The results document also a positive effect of glucose on the number of the shoots formed, which increased to 110. The presence of other carbohydrates in the medium, such as maltose or sucrose with mannitol or sucrose with fructose decreased the number of regenerated shoots when compared with the control. An effective organogenesis on the media with sucrose and glucose was also recorded by Ślesiak (2002), who used as explants the fragments of seedlings of rapeseed Brassica napus L. Other carbohydrates investigated by the author, e.g. maltose, did not have a significant effect on morphogenesis or, just like fructose, inhibited the regeneration processes. In princess tree [Paulownia tomentosa (Thunb.) Steud.] glucose stimulated both, proliferation and elongation of angular shoots (Litwińczuk and Bohnia 2012). However, in some cultures of thecae and in somatic embryogenesis, maltose is more favourable than sucrose. Rahman et al. (2010) suggested that this may be due to the fact that maltose does not undergo such a fast hydrolysis as sucrose. The analyses of the composition of the media made by Ślesiak (2002) also demonstrate that, while autoclaving, about 7% of sucrose breaks down to glucose and fructose. This theory is confirmed by Nuutila et al. (1997) and Georage (1993). During the culture, the content of sucrose decreased, which is the result of natural hydrolysis as a consequence of in vitro technic. In case of maltose in the medium, the content of that carbohydrate also decreased with time and this loss was balanced by an increasing amount of glucose. Plants of chrysanthemum Chrysanthemum × grandiflorum (Ramat.) Kitam. most effectively regenerated in the presence of sucrose, glucose and fructose, while other carbohydrates such as maltose, mannose, galactose and mannitol were less effective (Teixeira da Silva2004). In potato cultures, Rahman et al. (2010) demonstrated species-specific responses of plants to various kinds of carbohydrates. Differences were noted especially in plant height and fresh weight. The in tissue cultures observed differentiation in induction and development rates may be interpreted as an after-effect of the ingredients in the media. In banana cultures (Musa sp.), the most effective shoot development was induced on media with sucrose, even multiplied in the presence of 3% sucrose and 3% glucose (Madhulatha et al. 2006).
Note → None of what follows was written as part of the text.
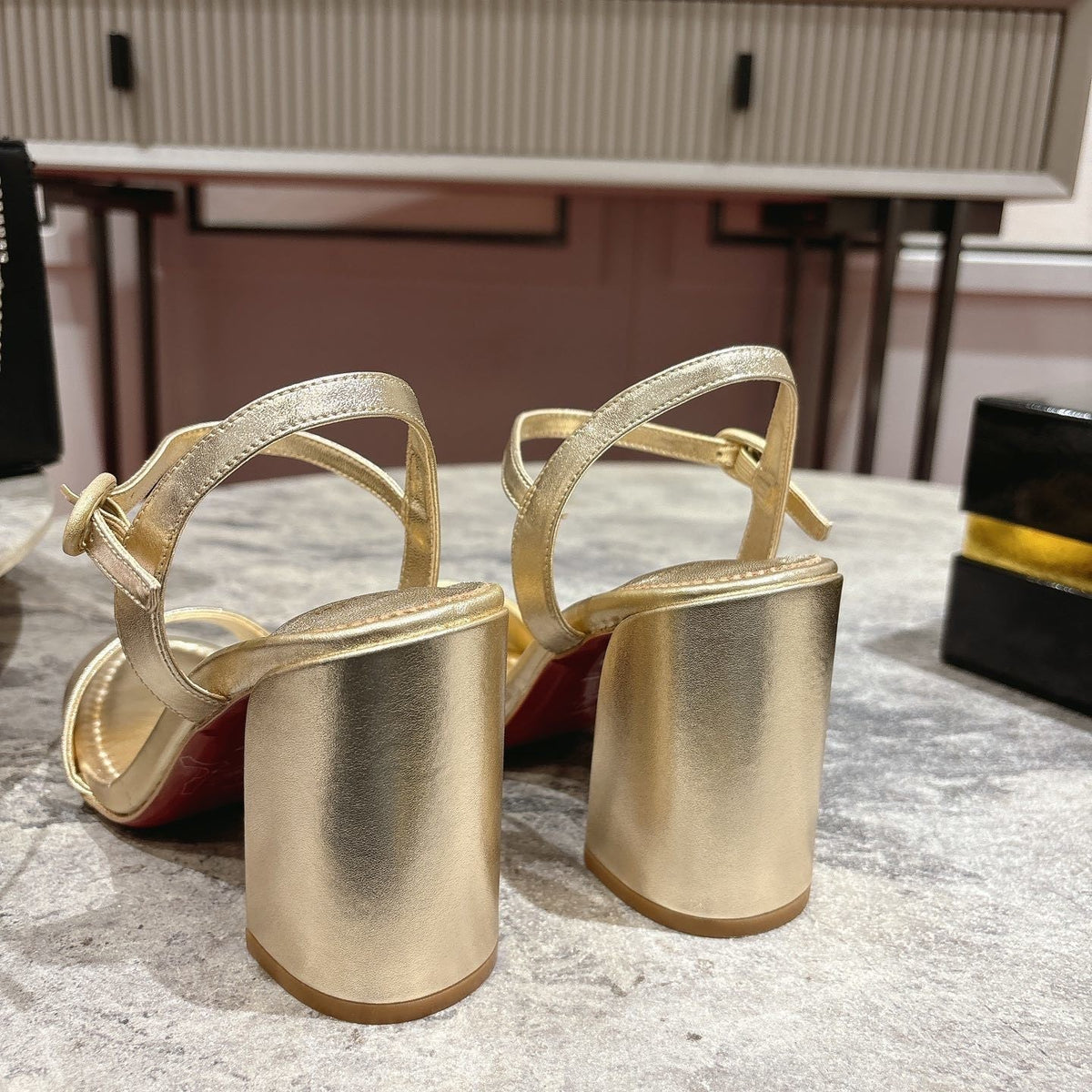 Mila's Edit - Premium Luxury Goods and Accessories - AFFORDABLE LUXURY HEELS - 8302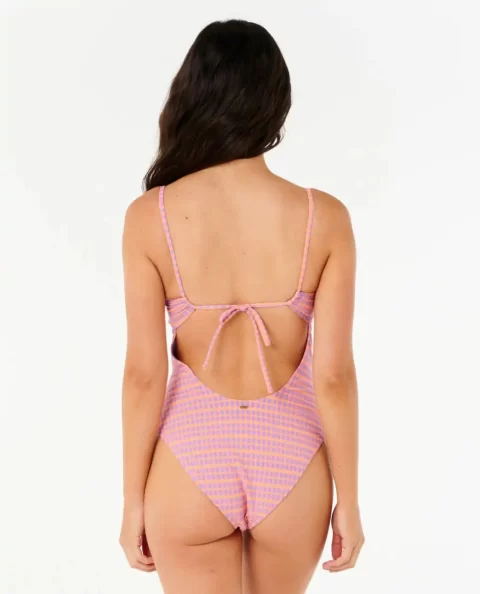 Isles Plaid Good Coverage One Piece Women One Pieces Rip Curl - Image 2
The differences in the effect of carbohydrates on the processes of differentiation and regeneration of cells in in vitro cultures are due to the fact that plants are not able to metabolise the respective carbohydrates contained in the medium at the same intensity. Of all the analysed media, those with 4.4 µmol/L BAP, solidified with 0.7% agar, additionally containing 0.09 mol/L glucose or 0.06 mol/L sucrose turned out to be optimal for shoot regeneration. On those media, more than three times as many shoots were achieved when compared with the control medium.

Of the media analysed, which differed in their type and carbohydrates content for intensifying the processes of shoot regeneration, the medium supplemented with 4.4 µmol/L BAP and 0.09 mol/L glucose, solidified with 0.7% agar, turned out to be the best.